在之前的帖子中,我们完成了神经网络自动驾驶小车的硬件搭建与底盘控制。当小车通过WiFi无线连接到网络后,已经可以对其进行远程操控,成为一辆无线遥控小车,但是这还不够,本讲我们将为它搭建神经网络控制器,赋予它自己的思想。
本篇我们将从0开始搭建并训练一个神经网络,用它来控制小车的运动。
要训练神经网络,我们首先需要的就是训练神经网络所需的数据集。对于本作品,我们收集训练数据的思路如下:使用电脑远程控制,手动控制小车在跑道上运动,此时小车摄像头采集到的道路图像数据将发送至电脑,电脑将当前道路图像数据与当前的操控方向打包存储起来,制作成一个数据集。
为了实现这个功能,我们需要在PYNQ-Z2开发板上安装视频流服务器,使车载摄像头采集到的图像数据实时传输至电脑端。在本作品中,我使用的是一个成熟的开源软件:mjpg-streamer,从网上下载源码并编译安装后,只需运行服务器的启动脚本“start.sh”,就可以启动流服务器。
这时,在同一网段下的其他电脑,可以通过链接“pynq:8080/?action=stream”获取数据流,上位机接收数据流,并使用OpenCV重新解码为图像,进行后续处理。
上位机接收视频流的代码如下:
- import re
- from urllib.request import urlopen
- import cv2
- import numpy as np
- # mjpg-streamer URL
- url = 'http://192.168.1.103:8080/?action=stream'
- stream = urlopen(url)
-
- # Read the boundary message and discard
- stream.readline()
- sz = 0
- rdbuffer = None
- clen_re = re.compile(b'Content-Length: (d+)\r\n')
- # Read each frame
- # TODO: This is hardcoded to mjpg-streamer's behavior
- while True:
-
- stream.readline() # content type
-
- try: # content length
- m = clen_re.match(stream.readline())
- clen = int(m.group(1))
- except:
- break
-
- stream.readline() # timestamp
- stream.readline() # empty line
-
- # Reallocate buffer if necessary
- if clen > sz:
- sz = clen*2
- rdbuffer = bytearray(sz)
- rdview = memoryview(rdbuffer)
-
- # Read frame into the preallocated buffer
- stream.readinto(rdview[:clen])
-
- stream.readline() # endline
- stream.readline() # boundary
-
- # This line will need to be different when using OpenCV 2.x
- img = cv2.imdecode(np.frombuffer(rdbuffer, count=clen, dtype=np.byte), flags=cv2.IMREAD_COLOR)
- # Show Image
- cv2.imshow('Image', img)
- c = cv2.waitKey(1)
- if c & 0xFF == ord('q'):
- exit(0)
复制代码
下一步,我们还需要编写远程控制小车运动的代码,作为一个可以远程控制小车的上位机控制端。在本讲中我们使用串口对底盘进行控制,向底盘发送“F”、“B”、“L”、“R”等字符,将控制底盘做出前进、后退、左转、右转等动作。PYNQ-Z2开发板上运行ser2net程序,其作用是通过无线网络接收字符串,并使用串口将信息转发至底盘控制器。
远程控制底盘运动代码如下:
最后,我们将以上两个程序融合,并加入制作数据集的代码,数据集采集程序就编写完成了。数据集采集使用Python的Numpy库完成,将采集得到的数据集保存为“.npz”格式的数据集文件。

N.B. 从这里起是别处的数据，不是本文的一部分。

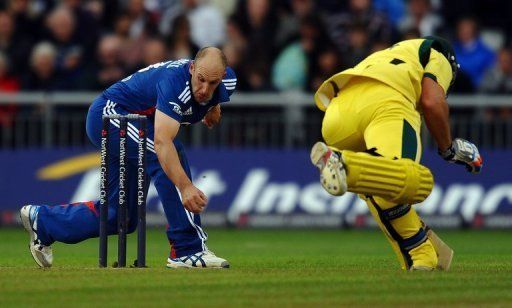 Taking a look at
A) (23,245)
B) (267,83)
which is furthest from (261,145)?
(23,245)

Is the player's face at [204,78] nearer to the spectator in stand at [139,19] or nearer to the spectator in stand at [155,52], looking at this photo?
the spectator in stand at [155,52]

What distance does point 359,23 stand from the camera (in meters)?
20.9

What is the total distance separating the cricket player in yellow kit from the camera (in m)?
10.3

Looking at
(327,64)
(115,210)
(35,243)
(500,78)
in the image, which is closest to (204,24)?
(327,64)

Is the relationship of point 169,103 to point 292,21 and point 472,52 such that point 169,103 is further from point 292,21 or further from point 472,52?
point 472,52

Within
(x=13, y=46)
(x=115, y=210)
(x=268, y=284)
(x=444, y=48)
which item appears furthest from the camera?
(x=13, y=46)

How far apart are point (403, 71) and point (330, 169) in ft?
4.92

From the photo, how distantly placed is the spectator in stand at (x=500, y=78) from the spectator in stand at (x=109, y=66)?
5441mm

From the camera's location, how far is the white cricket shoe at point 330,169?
9891 millimetres

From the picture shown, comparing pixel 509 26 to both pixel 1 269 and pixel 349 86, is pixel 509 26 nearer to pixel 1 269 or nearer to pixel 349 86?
pixel 349 86

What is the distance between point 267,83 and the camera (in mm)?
21141

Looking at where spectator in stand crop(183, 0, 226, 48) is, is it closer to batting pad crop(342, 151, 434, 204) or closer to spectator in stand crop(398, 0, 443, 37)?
spectator in stand crop(398, 0, 443, 37)

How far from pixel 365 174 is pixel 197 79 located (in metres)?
1.57

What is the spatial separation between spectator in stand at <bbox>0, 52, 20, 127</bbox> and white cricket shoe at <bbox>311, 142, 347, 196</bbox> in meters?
11.2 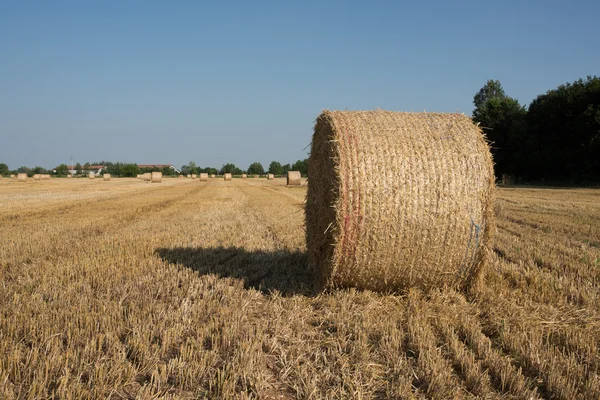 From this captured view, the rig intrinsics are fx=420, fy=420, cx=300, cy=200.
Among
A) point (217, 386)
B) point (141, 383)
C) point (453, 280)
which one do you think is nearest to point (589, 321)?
point (453, 280)

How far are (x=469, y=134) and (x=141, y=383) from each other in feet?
14.1

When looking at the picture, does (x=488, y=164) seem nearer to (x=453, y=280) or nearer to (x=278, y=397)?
(x=453, y=280)

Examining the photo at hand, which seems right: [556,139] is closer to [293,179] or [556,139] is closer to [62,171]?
[293,179]

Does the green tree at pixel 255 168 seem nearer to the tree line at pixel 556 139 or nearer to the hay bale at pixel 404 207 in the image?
the tree line at pixel 556 139

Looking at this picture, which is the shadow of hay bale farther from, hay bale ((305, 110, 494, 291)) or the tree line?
the tree line

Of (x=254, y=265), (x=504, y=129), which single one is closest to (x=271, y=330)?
(x=254, y=265)

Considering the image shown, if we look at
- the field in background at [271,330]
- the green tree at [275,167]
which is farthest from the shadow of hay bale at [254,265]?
the green tree at [275,167]

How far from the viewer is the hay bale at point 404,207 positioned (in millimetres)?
4527

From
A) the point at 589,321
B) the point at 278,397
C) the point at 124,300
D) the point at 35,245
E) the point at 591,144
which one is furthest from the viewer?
the point at 591,144

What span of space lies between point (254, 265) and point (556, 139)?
109 ft

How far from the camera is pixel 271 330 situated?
12.4 ft

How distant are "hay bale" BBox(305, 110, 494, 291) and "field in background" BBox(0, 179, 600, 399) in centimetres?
32

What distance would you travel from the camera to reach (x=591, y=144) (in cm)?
2780

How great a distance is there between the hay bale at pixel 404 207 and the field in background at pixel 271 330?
1.04 feet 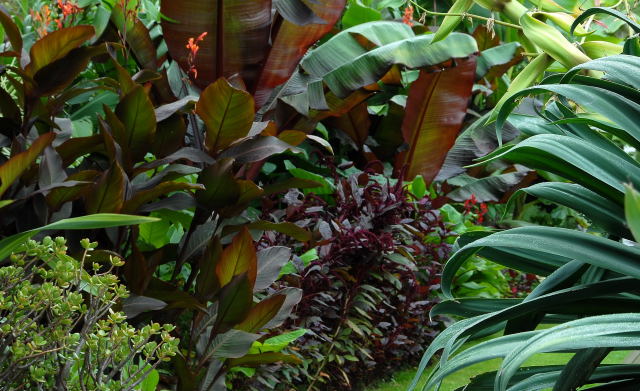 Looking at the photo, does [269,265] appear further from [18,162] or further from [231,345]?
[18,162]

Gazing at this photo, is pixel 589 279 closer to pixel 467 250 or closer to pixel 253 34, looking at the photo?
pixel 467 250

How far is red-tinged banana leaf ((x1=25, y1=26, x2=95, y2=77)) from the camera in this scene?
2711mm

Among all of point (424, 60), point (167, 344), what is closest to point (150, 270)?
point (167, 344)

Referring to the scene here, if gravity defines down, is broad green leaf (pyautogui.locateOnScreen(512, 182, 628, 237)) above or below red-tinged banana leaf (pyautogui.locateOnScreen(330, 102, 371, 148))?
above

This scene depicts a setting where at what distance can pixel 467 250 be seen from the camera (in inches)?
58.3

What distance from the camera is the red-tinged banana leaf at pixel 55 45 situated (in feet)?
8.89

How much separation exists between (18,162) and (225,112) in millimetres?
775

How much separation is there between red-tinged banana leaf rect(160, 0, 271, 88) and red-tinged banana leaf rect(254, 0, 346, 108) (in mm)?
114

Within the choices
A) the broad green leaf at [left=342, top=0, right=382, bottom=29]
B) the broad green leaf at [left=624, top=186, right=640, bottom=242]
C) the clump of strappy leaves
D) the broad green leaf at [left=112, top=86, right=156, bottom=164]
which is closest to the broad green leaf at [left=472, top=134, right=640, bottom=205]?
the broad green leaf at [left=624, top=186, right=640, bottom=242]

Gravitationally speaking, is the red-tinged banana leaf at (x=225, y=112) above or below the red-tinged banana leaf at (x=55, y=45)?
below

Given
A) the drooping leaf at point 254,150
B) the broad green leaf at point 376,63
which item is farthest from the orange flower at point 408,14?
the drooping leaf at point 254,150

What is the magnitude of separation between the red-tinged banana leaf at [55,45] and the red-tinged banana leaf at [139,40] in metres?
1.63

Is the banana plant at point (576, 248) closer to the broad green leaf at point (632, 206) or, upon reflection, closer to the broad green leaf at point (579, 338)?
the broad green leaf at point (579, 338)

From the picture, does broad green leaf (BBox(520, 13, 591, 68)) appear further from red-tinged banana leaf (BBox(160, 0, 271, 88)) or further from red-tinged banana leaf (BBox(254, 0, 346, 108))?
red-tinged banana leaf (BBox(254, 0, 346, 108))
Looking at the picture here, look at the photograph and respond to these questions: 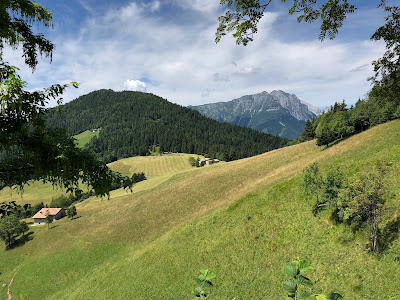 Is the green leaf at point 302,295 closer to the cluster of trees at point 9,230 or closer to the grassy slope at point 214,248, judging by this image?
the grassy slope at point 214,248

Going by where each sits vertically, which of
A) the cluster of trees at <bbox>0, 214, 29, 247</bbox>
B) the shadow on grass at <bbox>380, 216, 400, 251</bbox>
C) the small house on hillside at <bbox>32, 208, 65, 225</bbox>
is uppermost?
the shadow on grass at <bbox>380, 216, 400, 251</bbox>

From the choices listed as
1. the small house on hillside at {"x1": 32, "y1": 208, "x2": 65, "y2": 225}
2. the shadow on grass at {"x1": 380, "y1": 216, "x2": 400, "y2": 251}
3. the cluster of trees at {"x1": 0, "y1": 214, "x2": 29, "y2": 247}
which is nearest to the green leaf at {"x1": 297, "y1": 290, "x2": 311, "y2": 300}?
the shadow on grass at {"x1": 380, "y1": 216, "x2": 400, "y2": 251}

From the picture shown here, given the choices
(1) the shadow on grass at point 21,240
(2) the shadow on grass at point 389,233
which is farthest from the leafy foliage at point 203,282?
(1) the shadow on grass at point 21,240

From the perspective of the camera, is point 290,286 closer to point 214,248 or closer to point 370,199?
point 370,199

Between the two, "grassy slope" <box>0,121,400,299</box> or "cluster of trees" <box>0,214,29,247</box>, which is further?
"cluster of trees" <box>0,214,29,247</box>

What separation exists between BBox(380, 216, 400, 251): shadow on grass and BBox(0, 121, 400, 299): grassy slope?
502 mm

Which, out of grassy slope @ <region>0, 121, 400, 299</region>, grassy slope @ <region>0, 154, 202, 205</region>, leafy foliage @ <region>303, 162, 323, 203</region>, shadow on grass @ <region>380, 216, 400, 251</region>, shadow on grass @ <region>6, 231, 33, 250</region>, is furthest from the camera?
grassy slope @ <region>0, 154, 202, 205</region>

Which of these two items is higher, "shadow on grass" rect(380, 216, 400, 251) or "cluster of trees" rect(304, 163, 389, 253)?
"cluster of trees" rect(304, 163, 389, 253)

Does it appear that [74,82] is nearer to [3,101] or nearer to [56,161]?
[3,101]

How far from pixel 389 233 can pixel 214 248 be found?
60.7ft

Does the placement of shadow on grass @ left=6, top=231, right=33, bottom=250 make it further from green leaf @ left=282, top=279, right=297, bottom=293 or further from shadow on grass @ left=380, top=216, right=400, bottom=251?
green leaf @ left=282, top=279, right=297, bottom=293

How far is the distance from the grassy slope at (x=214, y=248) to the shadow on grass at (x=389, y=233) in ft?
1.65

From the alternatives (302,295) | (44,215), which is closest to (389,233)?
(302,295)

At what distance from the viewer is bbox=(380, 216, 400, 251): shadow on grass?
16500 millimetres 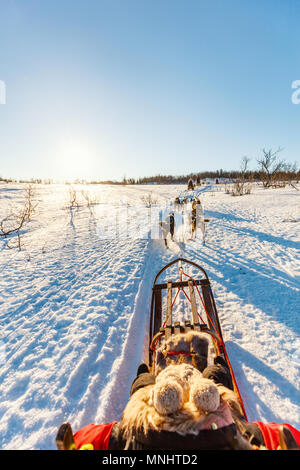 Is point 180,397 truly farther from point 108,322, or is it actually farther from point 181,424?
point 108,322

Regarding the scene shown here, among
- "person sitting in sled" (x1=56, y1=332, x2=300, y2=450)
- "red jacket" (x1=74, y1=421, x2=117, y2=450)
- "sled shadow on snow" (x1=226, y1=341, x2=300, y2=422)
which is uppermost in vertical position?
"person sitting in sled" (x1=56, y1=332, x2=300, y2=450)

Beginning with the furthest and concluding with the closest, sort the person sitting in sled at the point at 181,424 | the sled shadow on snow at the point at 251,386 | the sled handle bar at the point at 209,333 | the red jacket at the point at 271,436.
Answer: the sled handle bar at the point at 209,333 < the sled shadow on snow at the point at 251,386 < the red jacket at the point at 271,436 < the person sitting in sled at the point at 181,424

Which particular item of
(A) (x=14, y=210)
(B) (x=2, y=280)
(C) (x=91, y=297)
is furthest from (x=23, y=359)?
(A) (x=14, y=210)

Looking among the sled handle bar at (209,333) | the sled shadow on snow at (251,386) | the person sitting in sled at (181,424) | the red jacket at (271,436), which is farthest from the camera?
the sled handle bar at (209,333)

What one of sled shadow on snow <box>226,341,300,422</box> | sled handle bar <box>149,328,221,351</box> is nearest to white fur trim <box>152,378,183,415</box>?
sled handle bar <box>149,328,221,351</box>

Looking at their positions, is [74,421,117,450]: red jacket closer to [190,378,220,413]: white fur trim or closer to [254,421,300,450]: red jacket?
[190,378,220,413]: white fur trim

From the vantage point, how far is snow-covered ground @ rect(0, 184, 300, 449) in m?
1.88

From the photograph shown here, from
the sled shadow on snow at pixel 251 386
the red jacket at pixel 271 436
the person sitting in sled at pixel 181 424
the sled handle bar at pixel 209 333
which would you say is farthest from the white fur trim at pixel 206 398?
the sled shadow on snow at pixel 251 386

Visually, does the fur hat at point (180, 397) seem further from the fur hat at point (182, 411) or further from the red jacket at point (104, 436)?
the red jacket at point (104, 436)

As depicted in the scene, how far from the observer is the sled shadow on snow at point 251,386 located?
70.4 inches

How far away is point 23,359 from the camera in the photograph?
7.82 feet

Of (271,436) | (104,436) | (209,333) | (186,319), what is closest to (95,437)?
(104,436)

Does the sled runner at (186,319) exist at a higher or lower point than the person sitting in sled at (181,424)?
lower

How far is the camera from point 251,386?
2.01 m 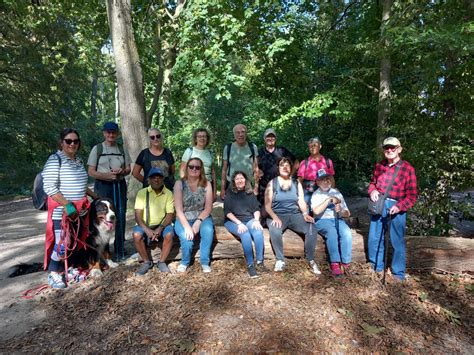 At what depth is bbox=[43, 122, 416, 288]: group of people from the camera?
156 inches

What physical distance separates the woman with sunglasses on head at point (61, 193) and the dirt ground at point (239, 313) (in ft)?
1.35

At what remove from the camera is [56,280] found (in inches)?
158

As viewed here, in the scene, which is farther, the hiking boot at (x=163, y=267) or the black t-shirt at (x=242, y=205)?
the black t-shirt at (x=242, y=205)

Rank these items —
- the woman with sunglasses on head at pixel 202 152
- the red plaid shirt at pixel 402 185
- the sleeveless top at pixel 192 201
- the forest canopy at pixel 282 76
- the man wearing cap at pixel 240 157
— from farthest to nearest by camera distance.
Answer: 1. the forest canopy at pixel 282 76
2. the man wearing cap at pixel 240 157
3. the woman with sunglasses on head at pixel 202 152
4. the sleeveless top at pixel 192 201
5. the red plaid shirt at pixel 402 185

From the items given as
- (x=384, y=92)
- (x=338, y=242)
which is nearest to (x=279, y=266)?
(x=338, y=242)

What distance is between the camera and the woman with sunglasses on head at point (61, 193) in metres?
3.79

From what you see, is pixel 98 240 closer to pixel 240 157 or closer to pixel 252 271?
pixel 252 271

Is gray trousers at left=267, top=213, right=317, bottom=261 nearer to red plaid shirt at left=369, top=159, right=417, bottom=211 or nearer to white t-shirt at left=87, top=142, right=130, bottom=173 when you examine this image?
red plaid shirt at left=369, top=159, right=417, bottom=211

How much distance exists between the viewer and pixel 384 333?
10.6ft

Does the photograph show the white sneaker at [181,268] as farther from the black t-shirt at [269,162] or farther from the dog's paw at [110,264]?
the black t-shirt at [269,162]

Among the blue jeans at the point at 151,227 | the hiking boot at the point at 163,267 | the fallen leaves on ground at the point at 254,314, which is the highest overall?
the blue jeans at the point at 151,227

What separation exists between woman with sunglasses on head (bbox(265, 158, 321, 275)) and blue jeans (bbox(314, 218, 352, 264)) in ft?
0.69

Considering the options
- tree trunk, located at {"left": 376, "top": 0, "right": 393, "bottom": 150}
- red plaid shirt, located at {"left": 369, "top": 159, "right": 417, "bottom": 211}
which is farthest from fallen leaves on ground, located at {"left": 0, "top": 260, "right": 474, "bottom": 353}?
tree trunk, located at {"left": 376, "top": 0, "right": 393, "bottom": 150}

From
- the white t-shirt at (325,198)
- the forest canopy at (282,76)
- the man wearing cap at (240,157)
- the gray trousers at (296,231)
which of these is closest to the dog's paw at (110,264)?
the man wearing cap at (240,157) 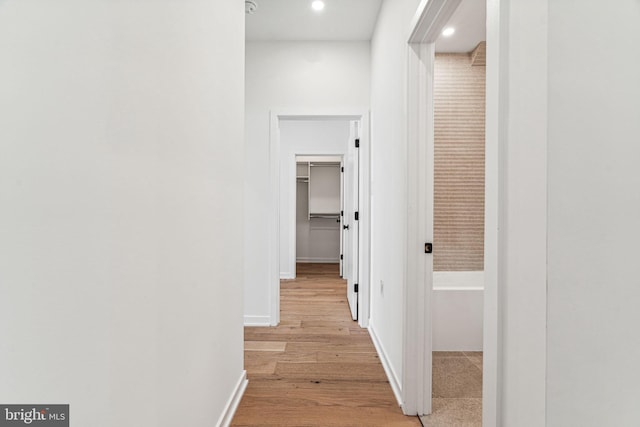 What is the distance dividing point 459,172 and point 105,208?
2.79 metres

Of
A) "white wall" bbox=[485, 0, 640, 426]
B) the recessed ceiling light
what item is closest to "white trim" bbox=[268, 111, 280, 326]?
the recessed ceiling light

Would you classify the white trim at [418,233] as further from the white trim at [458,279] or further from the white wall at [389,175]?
the white trim at [458,279]

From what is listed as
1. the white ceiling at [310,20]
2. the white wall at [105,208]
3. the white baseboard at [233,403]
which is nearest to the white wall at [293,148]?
the white ceiling at [310,20]

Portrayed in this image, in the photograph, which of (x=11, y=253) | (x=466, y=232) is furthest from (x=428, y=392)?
(x=11, y=253)

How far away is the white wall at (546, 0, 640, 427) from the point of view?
623 mm

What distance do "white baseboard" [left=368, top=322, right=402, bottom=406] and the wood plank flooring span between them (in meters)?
0.03

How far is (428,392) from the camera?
1811 millimetres

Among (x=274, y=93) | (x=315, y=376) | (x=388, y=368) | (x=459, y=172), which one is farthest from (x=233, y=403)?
(x=274, y=93)

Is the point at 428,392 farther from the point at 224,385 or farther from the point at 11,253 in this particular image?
the point at 11,253

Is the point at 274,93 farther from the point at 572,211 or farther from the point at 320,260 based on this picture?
the point at 320,260

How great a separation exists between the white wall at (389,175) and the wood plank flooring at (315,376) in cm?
18

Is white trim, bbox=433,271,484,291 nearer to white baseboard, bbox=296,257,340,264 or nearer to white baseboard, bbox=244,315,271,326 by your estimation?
white baseboard, bbox=244,315,271,326

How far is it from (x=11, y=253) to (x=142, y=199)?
1.13 ft

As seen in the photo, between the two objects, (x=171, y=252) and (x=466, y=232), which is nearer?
(x=171, y=252) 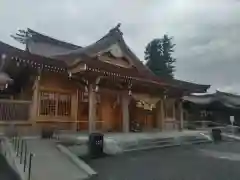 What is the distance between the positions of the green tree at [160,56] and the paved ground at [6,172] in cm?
2939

需要注意的是,在这里我们为了减少神经网络规模与计算量,将原640*480的彩色图像转化为320*240的灰度图像,随后设置感兴趣区域,只收集最重要的下半部分的320*120区域,以进一步缩小规模,由于道路图像元素相对简单,虽然图像信息经过大量压缩,但是用来作为指导简单路面上神经网络驾驶信息还是足够的。
数据采集源代码如下:
- import numpy as np
- import cv2
- import pygame
- from pygame.locals import *
- import socket
- import time
- import os
- from urllib.request import urlopen
- import re
- MOTION_STOP = b'S'
- MOTION_FORWARD = b'F'
- MOTION_REVERSE = b'B'
- MOTION_LEFT = b'L'
- MOTION_RIGHT = b'R'
- MOTION_REVERSE_LEFT = b'H'
- MOTION_REVERSE_RIGHT = b'J'
- MOTION_FORWARD_LEFT = b'G'
- MOTION_FORWARD_RIGHT = b'I'
- SPEED_LEFT_FAST = b'5'
- SPEED_RIGHT_FAST = b'5'
- SPEED_LEFT_SLOW = b'1'
- SPEED_RIGHT_SLOW = b'1'
- class CollectTrainingData(object):
-
- def __init__(self):
- self.send_inst = True
- # create labels
- self.k = np.zeros((4, 4), 'float')
- for i in range(4):
- self.k[i, i] = 1
- self.temp_label = np.zeros((1, 4), 'float')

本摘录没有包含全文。